252    Conformément à l’article 138, paragraphe 1, du règlement de procédure, le Parlement, le Conseil et la Commission supporteront leurs propres dépens.

Par ces motifs,

LE TRIBUNAL (huitième chambre élargie)

déclare et arrête :

1)      La décision SRB/ES/2021/22 du Conseil de résolution unique (CRU), du 14 avril 2021, sur le calcul des contributions ex ante pour 2021 au Fonds de résolution unique est annulée en ce qu’elle concerne Dexia Crédit Local.

2)      Les effets de la décision SRB/ES/2021/22, en ce qu’elle concerne Dexia Crédit Local, sont maintenus jusqu’à l’entrée en vigueur, dans un délai raisonnable qui ne saurait dépasser six mois à compter de la date du prononcé du présent arrêt, d’une nouvelle décision du CRU fixant la contribution ex ante au Fonds de résolution unique de cet établissement pour la période de contribution 2021.

3)      Le CRU supportera, outre ses propres dépens, ceux exposés par Dexia Crédit Local.

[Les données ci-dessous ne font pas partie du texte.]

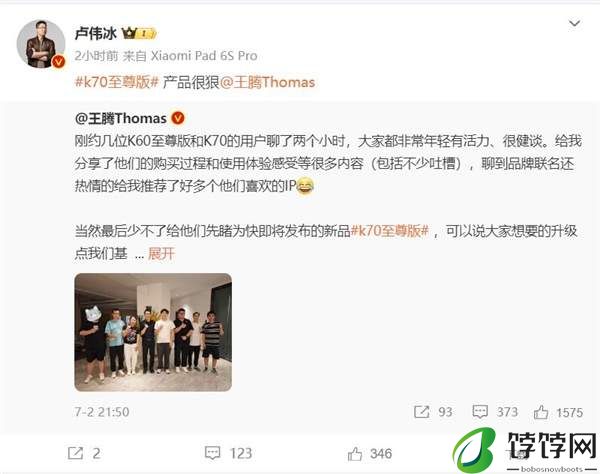 小米K70至尊版价格多少钱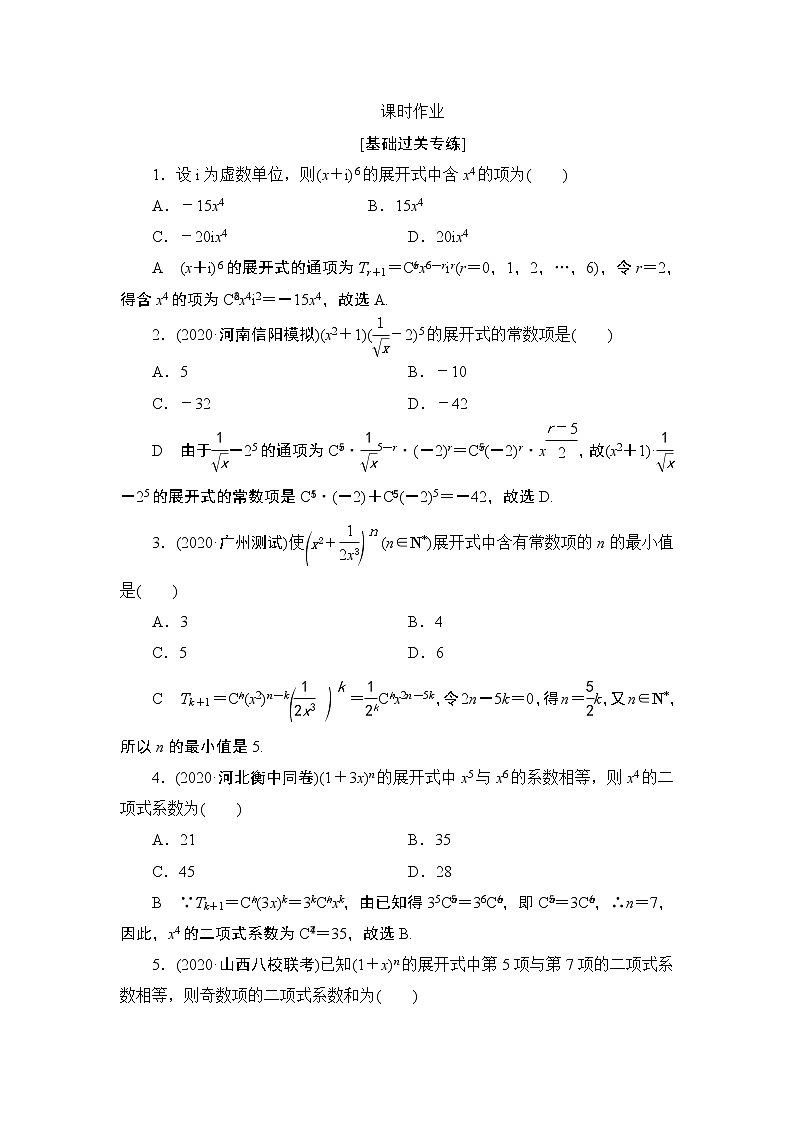 高考复习《二项式定理》课时作业10.3 练习01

4)      Le Parlement européen, le Conseil de l’Union européenne et la Commission européenne supporteront leurs propres dépens.

Kornezov

De Baere

Petrlík

Kecsmár

 

      Kingston

Ainsi prononcé en audience publique à Luxembourg, le 24 janvier 2024.

Signatures


Table des matières


I. Antécédents du litige

II. Décision attaquée

III. Conclusions des parties

IV. En droit

A. Sur les exceptions d’illégalité du règlement no 806/2014 et du règlement délégué 2015/63

1. Sur les cinquième et sixième moyens, tirés d’exceptions d’illégalité de dispositions du règlement no 806/2014 au regard des traités

2. Sur le deuxième moyen, tiré d’une exception d’illégalité du règlement délégué 2015/63 au regard des principes de proportionnalité et d’égalité de traitement

a) Sur la recevabilité

b) Sur le fond

1) Sur la seconde branche, tirée de la violation du principe d’égalité de traitement

2) Sur la première branche, tirée de la violation du principe de proportionnalité

B. Sur les moyens portant sur la légalité de la décision attaquée

1. Sur le troisième moyen, soulevé à titre subsidiaire, tiré de la violation des principes de proportionnalité et d’égalité de traitement par la décision attaquée

2. Sur le quatrième moyen, tiré d’un défaut de motivation et d’une violation du principe de transparence concernant le calcul des contributions ex ante

3. Sur le premier moyen, tiré d’une violation de l’article 69, paragraphe 2, du règlement no 806/2014 par la décision attaquée

C. Conclusion

V. Sur la limitation dans le temps des effets de l’arrêt

VI. Sur les dépens


*      Langue de procédure : le français.


1      Le présent arrêt fait l’objet d’une publication par extraits.


2 Données confidentielles occultées.